Righthaven vs. Charles Johnson (RadGeek)

At the urging of one Anonymous UK commenter, I've been investigating "legal extortion". My post on BMI/ASCAP/SESAC has been pretty popular, according to Google Analytics. I noticed another legal extortion scam by Righthaven, Stevens Media, and the Las Vegas Review Journal.

I'm working on a more detailed Righthaven post. While researching this post, I stumbled across this article. Charles Johnson (RadGeek) is being sued by Righthaven for copyright infringement! Charles Johnson hasn't mentioned this on his blog yet, so I assume he doesn't know. That reporter (Steve Green) claims to have attempted to contact Charles Johnson.

I guess I'm "breaking" this story, at least in the "left libertarian" blogging circle.

RadGeek is being sued over this post.
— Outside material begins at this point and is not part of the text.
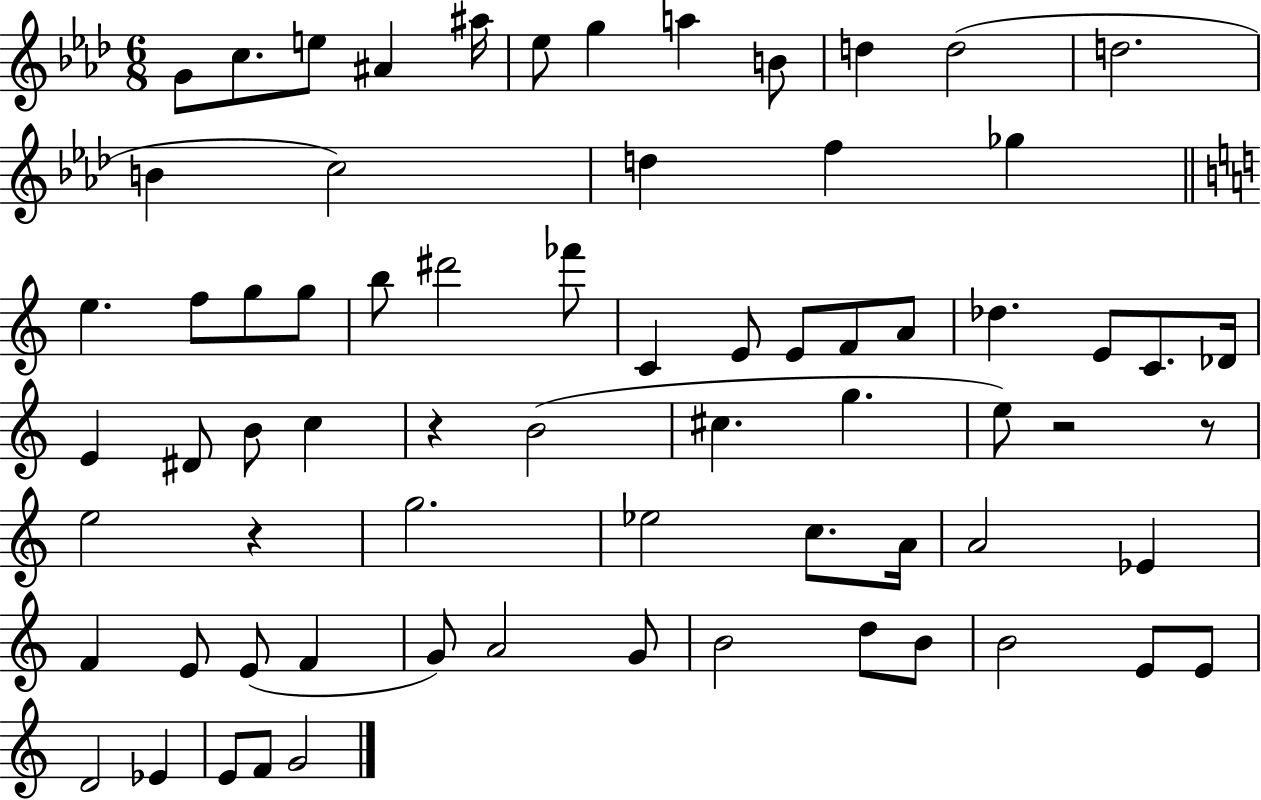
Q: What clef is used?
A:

Most of the text seems to be copied from {I'm not linking to those scum.}. RadGeek didn't cite the source, which qualifies as "slightly immoral but not illegal". He seemed to be illustrating the mainstream media pro-State troll bias.

He's being sued over posting the article on the aggregator site, and not on his original blog.
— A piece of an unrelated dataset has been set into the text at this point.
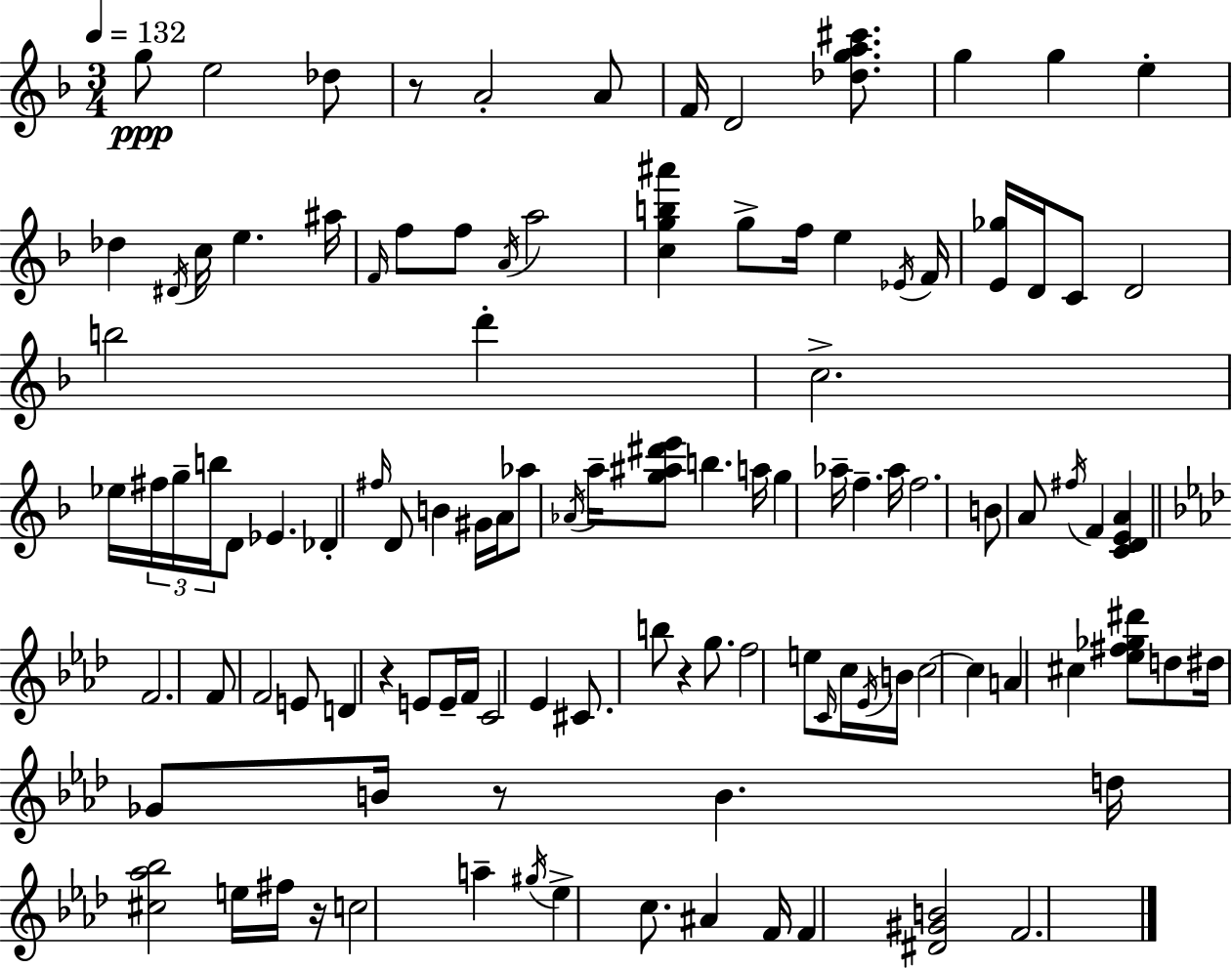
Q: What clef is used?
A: treble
This should be interesting. A group of well-connected lawyers are abusing the State legal system to extort from a well-informed anarchist.

I briefly considered copying one of their articles, just to get the free publicity associated with a frivolous lawsuit and a successful pro se defense. However, I have better things to do. I'll see how Charles Johnson handles it. Fighting stupid civil lawsuits falls under "Fighting bad guys bad guys on their turf." Besides, Charles Johnson lives in Las Vegas, making a pro se defense feasible.

Immediately after suing, Righthaven is offering settlements of around $5k-$7k. They are banking on the fact that the cost of hiring a lawyer is greater than the cost of settling. It's an excellent example of legal extortion.

Due to lobbying by the media cartel, copyright law is ridiculously unfairly biased in favor of copyright owners.

What are RadGeek's options?

In order of increasing desirability, RadGeek's options are:

  1. Hire a State-licensed lawyer.
  2. Bend over and settle.
  3. Ignore the lawsuit, let them get a default judgement, and then let them try and collect it.
  4. Defend yourself pro se.
Hiring a lawyer seems like the worst option. As the Anonymous UK commenter likes to point out, the lawyer will take your money and you'll probably lose anyway.

RadGeek could bend over and settle. That also seems cowardly.

If you're a hardcore anarchist, "Ignore it and make them try and collect." seems attractive. Even via default judgement, the judge may not award much. I could not do this, because I have State paper investments that could be seized. I don't know if RadGeek has any assets in the State system that could be seized.

For this reason, a secure agorist alternate banking system is needed. Then, if State thugs attempt to extort from you, you're safe because your savings are safely hidden.

Another option, if you're almost broke, is "Ignore it, default, and then declare bankruptcy."

RadGeek lives in Las Vegas. That makes a pro se defense feasible. Most of Righthaven's victims are not in Nevada. Nevada's judges have erred, ruling that Nevada is the proper venue for these lawsuits.

Righthaven is banking on the fact that the lawsuit is a prohibitive cost for out-of-state defendants. Personally, I'd take a Las Vegas vacation and pursue a pro se defense. I don't have anything that could be considered infringing. I never copy more than a tiny excerpt.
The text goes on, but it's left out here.